BEGIN INFORMATION PROVIDED
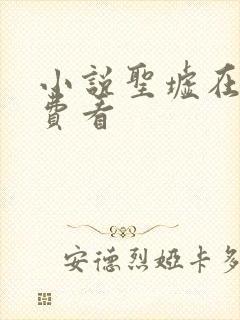 小说圣墟在线免费看封面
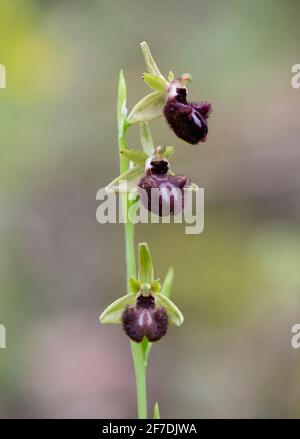 Ophrys incubacea, Ophrys sphegodes subsp. Atrata, orchidea mediterranea selvaggia, Andalusia, Spagna. Foto Stock
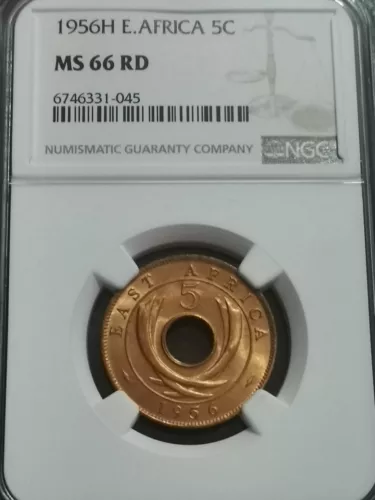 East Africa 5 Cents 1956  NGC-66 RD TOP POP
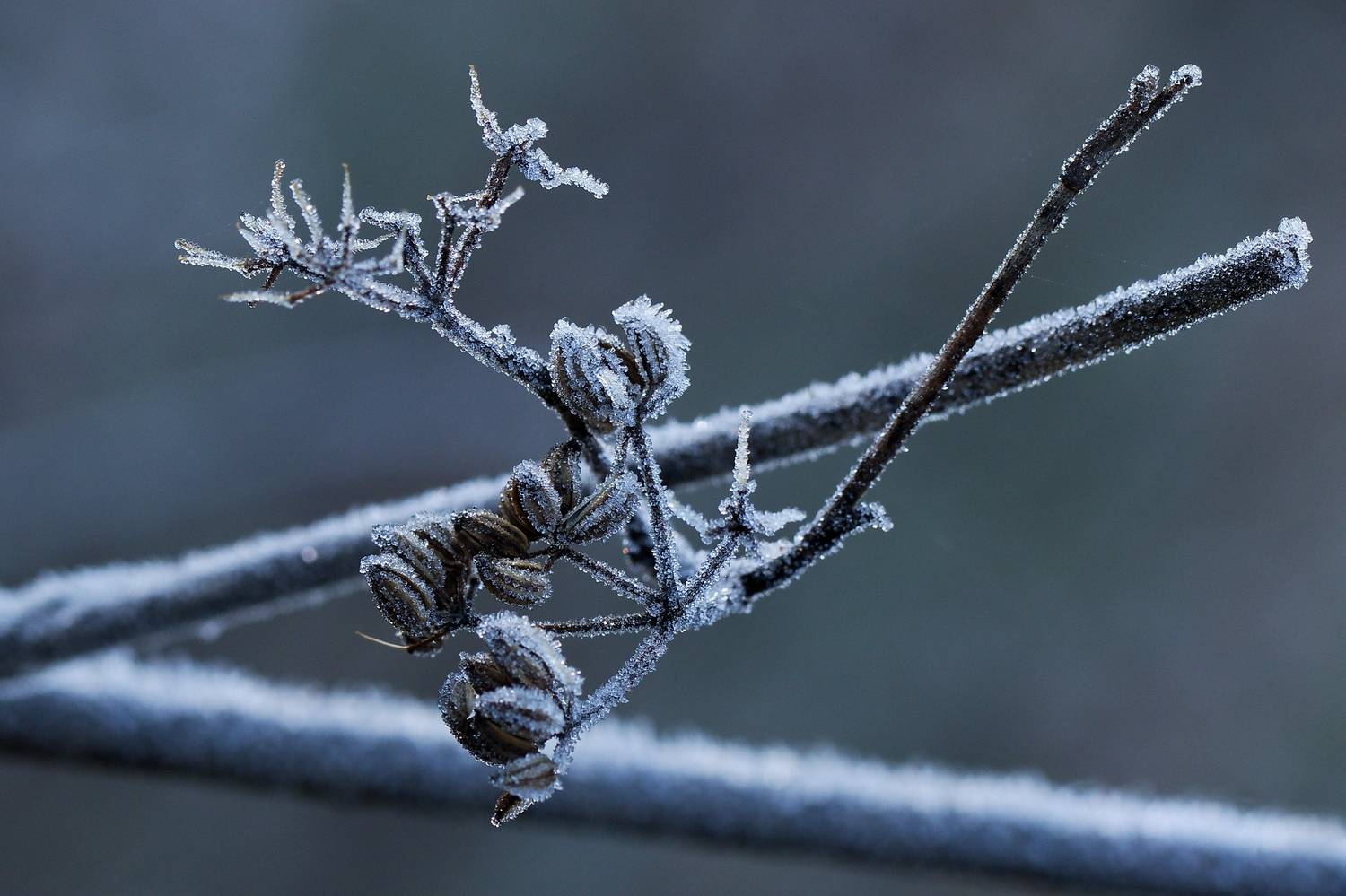 Фотография #13030958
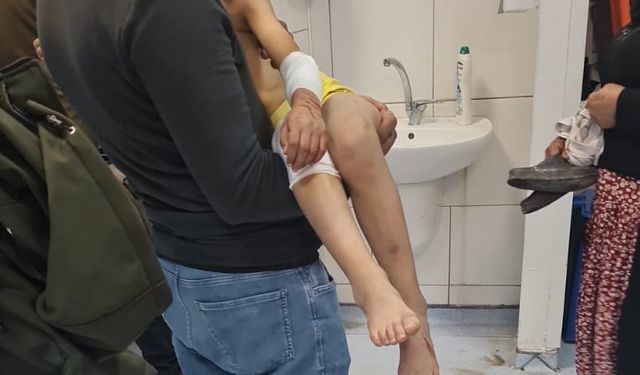 Başıboş köpekler 9 yaşındaki çocuğa saldırdı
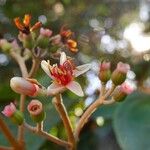 Miconia mirabilis Fruit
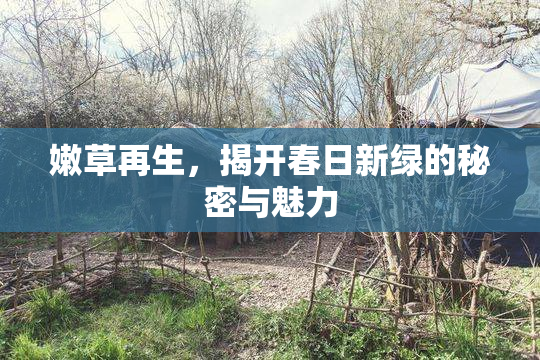 嫩草再生，揭开春日新绿的秘密与魅力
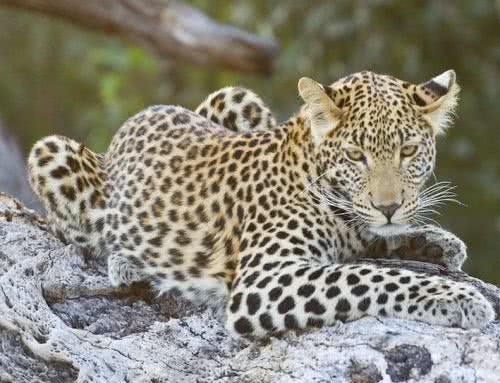 花豹“从天而降”, 只用一招便成功捕猎, 羚羊无处可逃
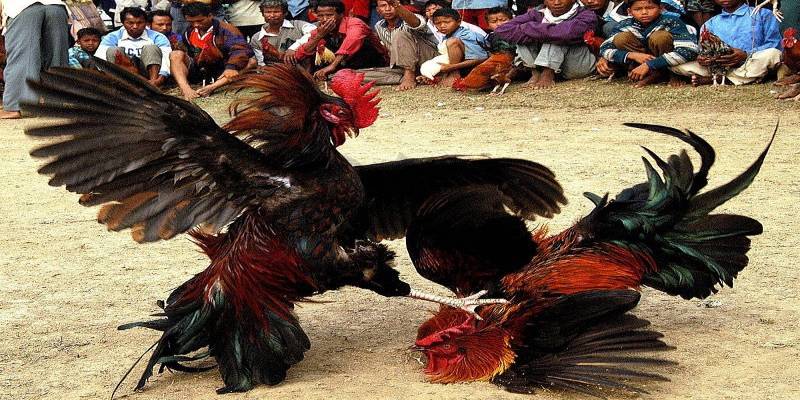 Những điểm nổi bật của đá gà C3 khiến hình thức này được ưa chuộng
END INFORMATION PROVIDED
Output each line of the listing above, word for word, from the one holding "Ophrys incubacea, Ophrys" through the last line, both included; omit the pictures.

 Ophrys incubacea, Ophrys sphegodes subsp. Atrata, orchidea mediterranea selvaggia, Andalusia, Spagna. Foto Stock
 East Africa 5 Cents 1956  NGC-66 RD TOP POP
 Фотография #13030958
 Başıboş köpekler 9 yaşındaki çocuğa saldırdı
 Miconia mirabilis Fruit
 嫩草再生，揭开春日新绿的秘密与魅力
 花豹“从天而降”, 只用一招便成功捕猎, 羚羊无处可逃
 Những điểm nổi bật của đá gà C3 khiến hình thức này được ưa chuộng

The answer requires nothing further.